A deeper understanding of caregiving needs also requires improved assessments and characterization of the impact of caregiving on caregivers’ psychological and physical health, workforce participation and financial security. Assessments should be sensitive to both the potential benefits as well as burdens of the caregiving role.  There is particular need for identification and validation of assessments suitable for use in a range of research contexts including observational and interventional studies and large population-based surveys.

Addressing challenges in advanced Alzheimer’s disease care:

Care for individuals with advanced AD poses particular challenges for caregivers, given the complexity of symptoms and the often protracted nature of decline in the last years of the disease.  These challenges include managing (and reducing) unnecessary transitions between care contexts, making decisions about treatment options for comorbid conditions,  avoiding burdensome treatments, addressing the palliative care needs of care recipients at the end of life, and supporting caregivers in their role as surrogate decision-makers for care recipients who are unable to make decisions for themselves.
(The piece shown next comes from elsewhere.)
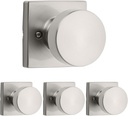 Kwikset Pismo Dummy Door Knob, Single Sided Handle for Closets, French Double Doors, and Pantry, Satin Nickel Non-Turning Interior Push/Pull Door Knob, with Microban Protection, Square Rose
This initiative seeks to support research on the caregiving challenges associated with advanced AD. Researchers are encouraged to develop interventions to aid caregivers in navigating the later stages of AD, in collaboration with health care professionals and other family members.  There is potential to leverage existing palliative care research networks to develop and advance interventions for palliative and hospice care of persons with advanced AD and their families. Observational studies and interventions addressing practices of health and long-term care systems that lead to burdensome transitions for persons with advanced AD are encouraged.  Cross-disciplinary efforts to design and test clinical interventions and models of palliative and hospice care for persons with advanced AD and their families are particularly encouraged.  These programs should address needs across diverse subgroups, care settings, and rural/urban locales.

Section II. Award Information
Funding Instrument

Grant: A support mechanism providing money, property, or both to an eligible entity to carry out an approved project or activity.

Application Types Allowed

New
Resubmission
Revision

The OER Glossary and the SF424 (R&R) Application Guide provide details on these application types.

Funds Available and Anticipated Number of Awards

NIH intends to fund an estimate of 12-16 awards, corresponding to a total of $10 million for fiscal year 2016. Future year amounts will depend on annual appropriations.

Award Budget

Application budgets are not limited but need to reflect the actual needs of the proposed project.

Award Project Period

The project period is limited to 5 years. 

NIH grants policies as described in the NIH Grants Policy Statement will apply to the applications submitted and awards made in response to this FOA.

Section III. Eligibility Information
1. Eligible Applicants
Eligible Organizations

Higher Education Institutions

  • Public/State Controlled Institutions of Higher Education
  • Private Institutions of Higher Education

The following types of Higher Education Institutions are always encouraged to apply for NIH support as Public or Private Institutions of Higher Education:

    • Hispanic-serving Institutions
    • Historically Black Colleges and Universities (HBCUs)
    • Tribally Controlled Colleges and Universities (TCCUs)
    • Alaska Native and Native Hawaiian Serving Institutions
    • Asian American Native American Pacific Islander Serving Institutions (AANAPISIs)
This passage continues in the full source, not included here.